## ABOUT THIS TASK
Drop the pictures and repeat the remaining data exactly.

Stored items:
......
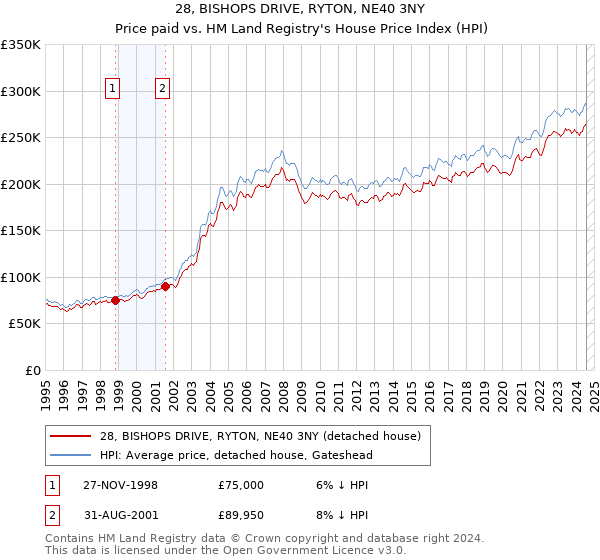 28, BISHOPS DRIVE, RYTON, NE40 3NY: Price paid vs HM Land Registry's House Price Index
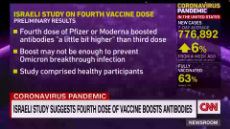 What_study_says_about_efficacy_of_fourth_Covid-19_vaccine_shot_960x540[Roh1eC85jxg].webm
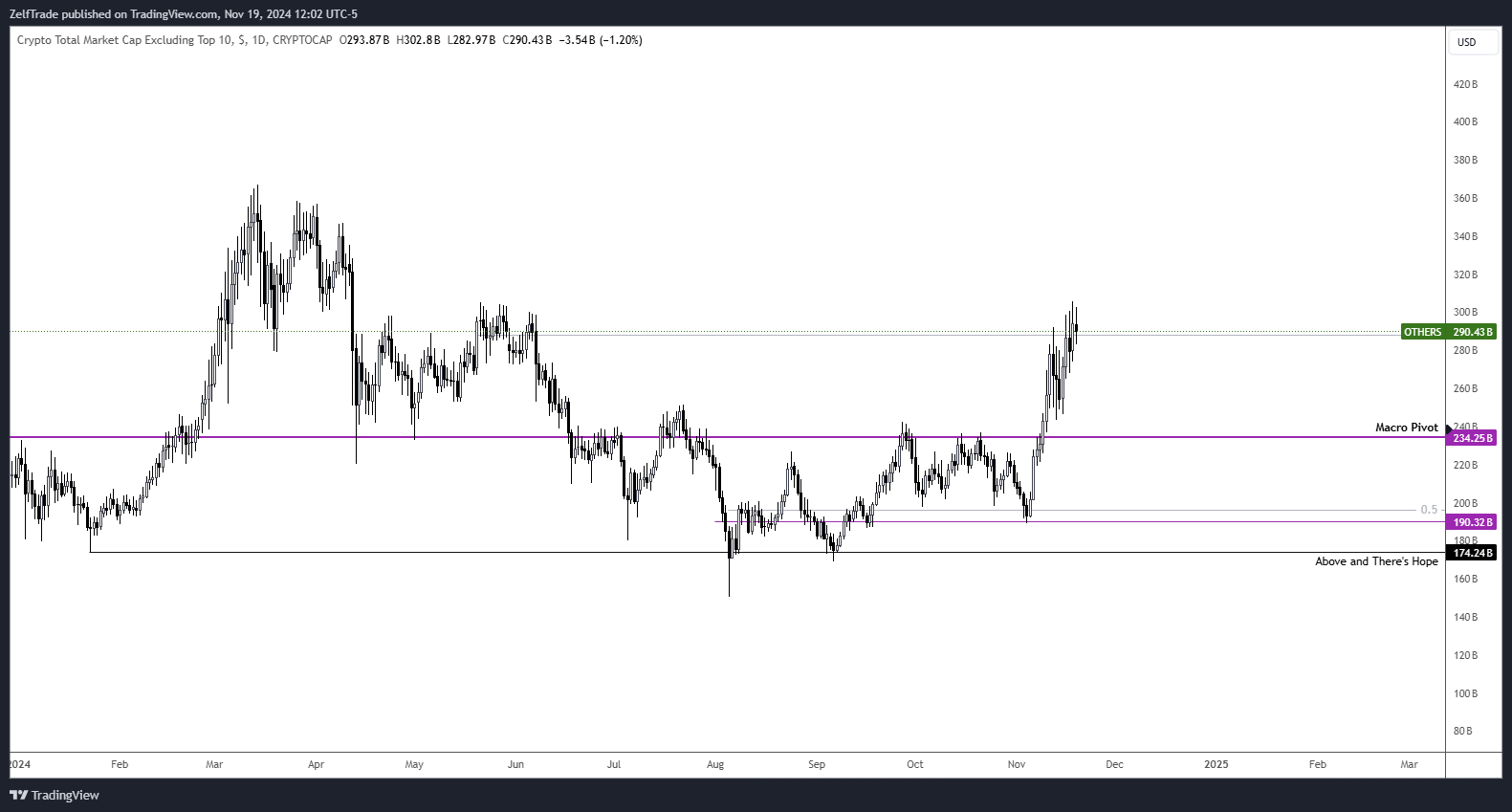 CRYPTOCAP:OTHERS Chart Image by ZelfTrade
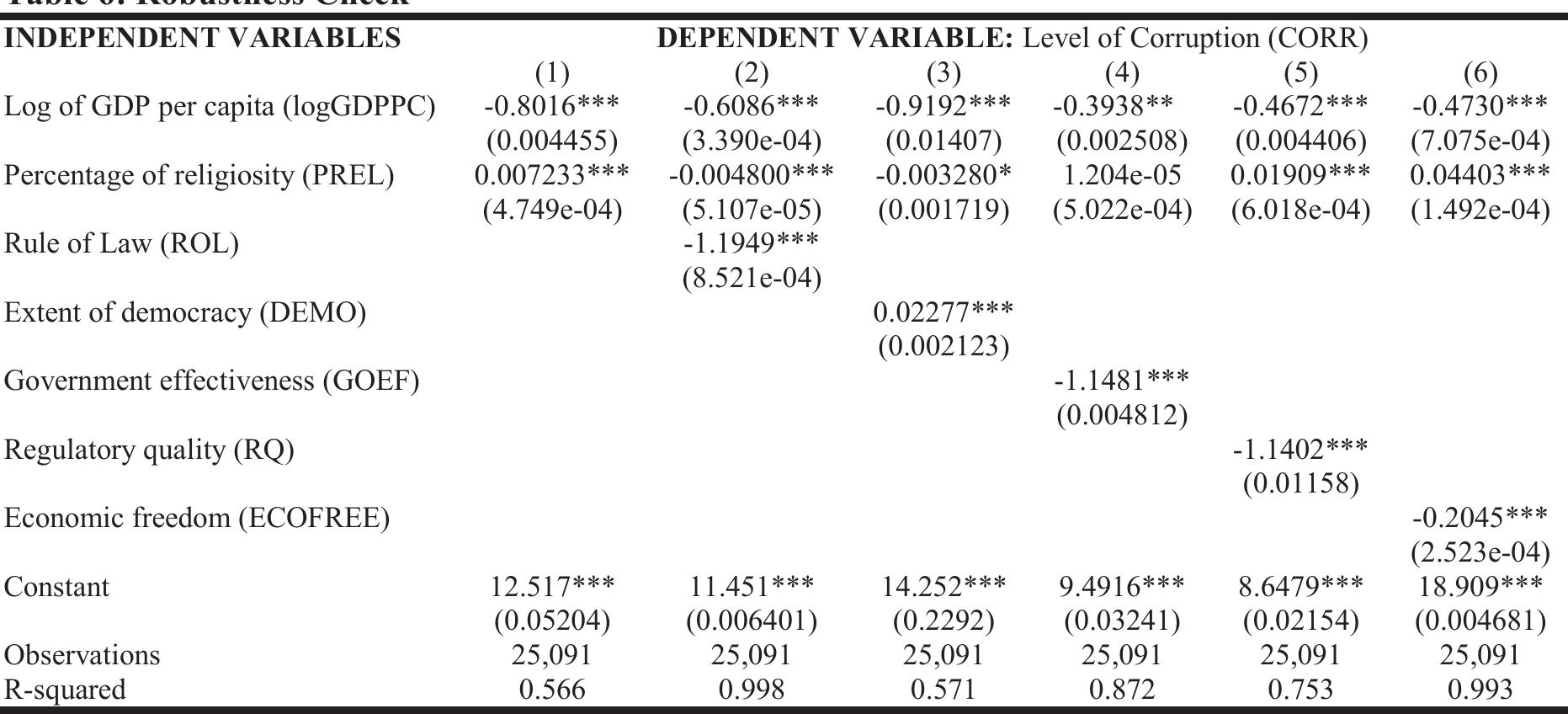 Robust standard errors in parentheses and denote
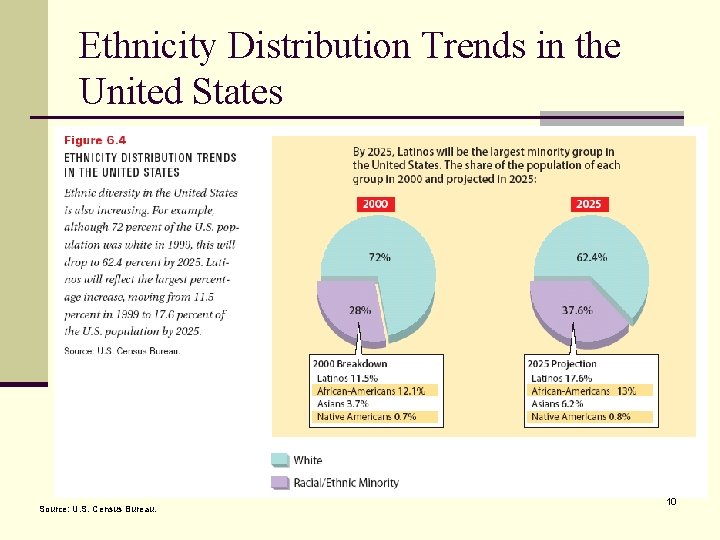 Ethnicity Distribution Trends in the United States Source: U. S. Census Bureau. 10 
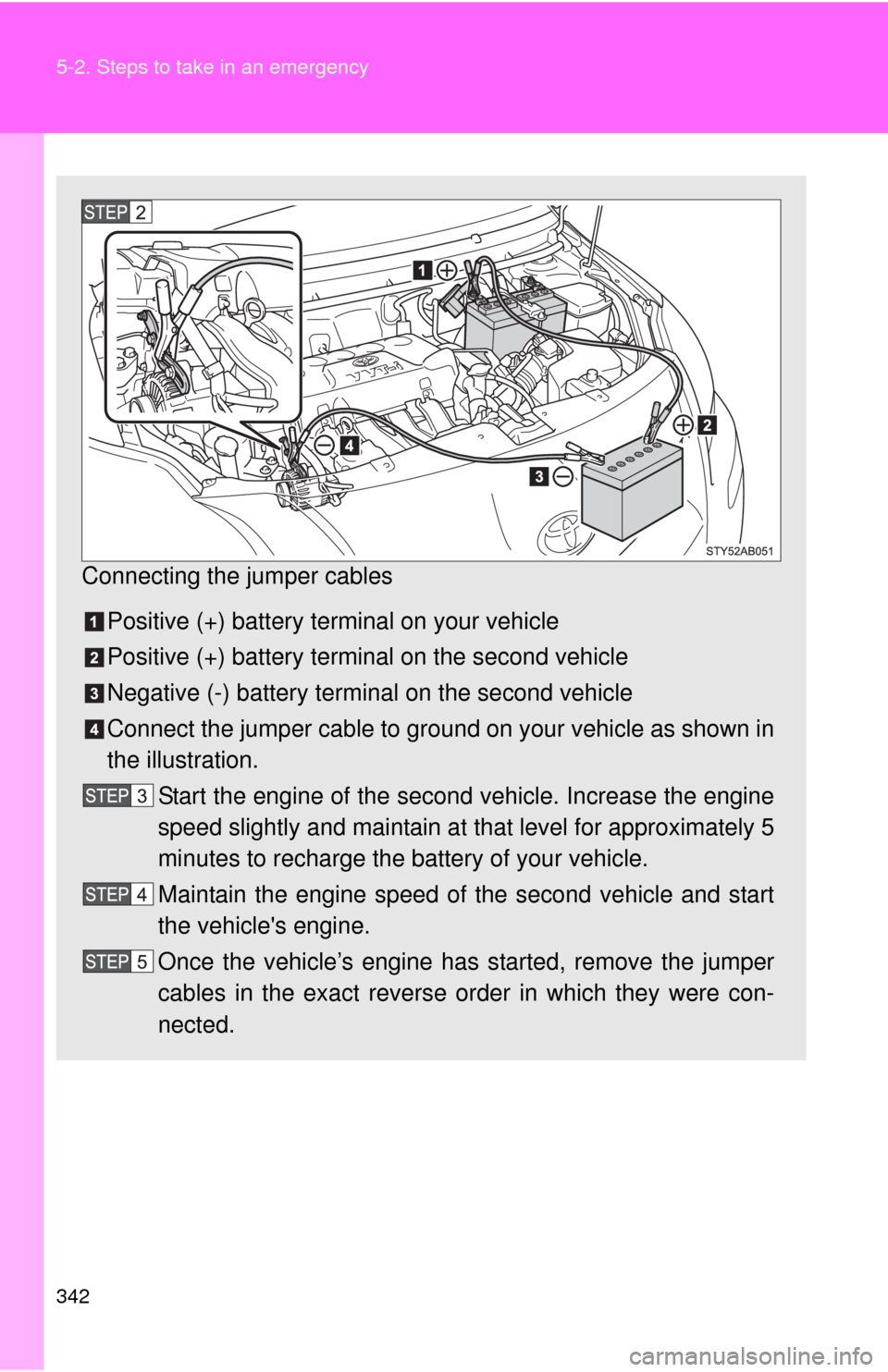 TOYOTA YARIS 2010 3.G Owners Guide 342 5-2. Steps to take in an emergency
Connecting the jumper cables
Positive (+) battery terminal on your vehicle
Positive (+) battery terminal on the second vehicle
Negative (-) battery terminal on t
......
## SOLUTION TO THE PROBLEM
 28, BISHOPS DRIVE, RYTON, NE40 3NY: Price paid vs HM Land Registry's House Price Index
 What_study_says_about_efficacy_of_fourth_Covid-19_vaccine_shot_960x540[Roh1eC85jxg].webm
 CRYPTOCAP:OTHERS Chart Image by ZelfTrade
 Robust standard errors in parentheses and denote
 Ethnicity Distribution Trends in the United States Source: U. S. Census Bureau. 10 
 TOYOTA YARIS 2010 3.G Owners Guide 342 5-2. Steps to take in an emergency
Connecting the jumper cables
Positive (+) battery terminal on your vehicle
Positive (+) battery terminal on the second vehicle
Negative (-) battery terminal on t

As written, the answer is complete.